Washington – French President Emmanuel Macron visited Washington, D.C., where he displayed a friendly relationship with U.S. President Donald Trump but criticized protectionist trade policies in an address to a joint session of Congress. German Chancellor Angela Merkel met with Trump on Friday in Washington, where the two were also expected to discuss trade policy.

Trade relations between the U.S. and China remained on a low boil as officials from both sides worked behind the scenes to resolve their respective tariff threats. Nevertheless, the threat of an all-out trade war still looms in the background, where the U.S.-China trade spat adds risk to global economic growth.

As the month of April came to a close, overnight President Trump delayed until June tariffs that were set to take effect on May 1 against steel and aluminum imported from the European Union, Mexico and Canada. Agreements to avoid tariffs were in place with Australia, Brazil and Argentina, the White House said. In March, tariffs went into effect against China, Russia and Japan.
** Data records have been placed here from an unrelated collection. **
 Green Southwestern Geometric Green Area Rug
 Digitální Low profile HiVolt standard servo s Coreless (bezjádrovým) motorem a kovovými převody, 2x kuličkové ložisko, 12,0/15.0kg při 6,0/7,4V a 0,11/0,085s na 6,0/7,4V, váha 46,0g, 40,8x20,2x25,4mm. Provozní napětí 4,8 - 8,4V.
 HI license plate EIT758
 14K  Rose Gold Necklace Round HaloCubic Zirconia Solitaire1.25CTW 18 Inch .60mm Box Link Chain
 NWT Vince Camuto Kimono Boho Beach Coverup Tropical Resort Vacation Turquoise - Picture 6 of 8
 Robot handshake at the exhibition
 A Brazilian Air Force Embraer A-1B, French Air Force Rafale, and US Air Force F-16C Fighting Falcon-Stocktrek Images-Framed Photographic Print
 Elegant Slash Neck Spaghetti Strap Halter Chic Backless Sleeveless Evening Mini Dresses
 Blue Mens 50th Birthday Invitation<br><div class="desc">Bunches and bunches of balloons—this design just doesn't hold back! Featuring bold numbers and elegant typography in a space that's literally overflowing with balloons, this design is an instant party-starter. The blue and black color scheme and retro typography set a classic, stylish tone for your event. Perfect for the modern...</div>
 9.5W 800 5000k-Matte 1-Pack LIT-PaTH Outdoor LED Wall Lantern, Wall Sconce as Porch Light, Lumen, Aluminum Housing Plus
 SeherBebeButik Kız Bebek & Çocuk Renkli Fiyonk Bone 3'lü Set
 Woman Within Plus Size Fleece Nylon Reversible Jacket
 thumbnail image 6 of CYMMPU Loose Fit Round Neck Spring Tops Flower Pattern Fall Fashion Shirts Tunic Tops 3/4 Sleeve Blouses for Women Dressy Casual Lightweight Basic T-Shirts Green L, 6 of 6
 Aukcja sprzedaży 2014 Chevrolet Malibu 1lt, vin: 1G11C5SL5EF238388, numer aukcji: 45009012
The Economy – Another factor on investor’s radar: the Federal Open Market Committee begins its two-day meeting this morning, May 1, in Washington, D.C. The meeting is expected to wrap up with a rate policy decision Wednesday afternoon. Most economists expect the Fed to raise rates 3 times this year but seem mixed about the timing of the rate hikes.

The Fiduciary Rule  – In the long, strange tale of the Department of Labor (DOL) fiduciary rule, originally scheduled to be phased in from April 10, 2017 to January 1, 2018, there is yet another installment.

President Trump asked for a review of the fiduciary rule in 2017. On March 15, 2018 The Fifth Circuit Court of Appeals, based in New Orleans, vacated the fiduciary rule in a 2-1 decision, saying it constituted “unreasonableness” and the DOL’s implementation of the rule constitutes “an arbitrary and capricious exercise of administrative power.” The case will like go to the Supreme Court.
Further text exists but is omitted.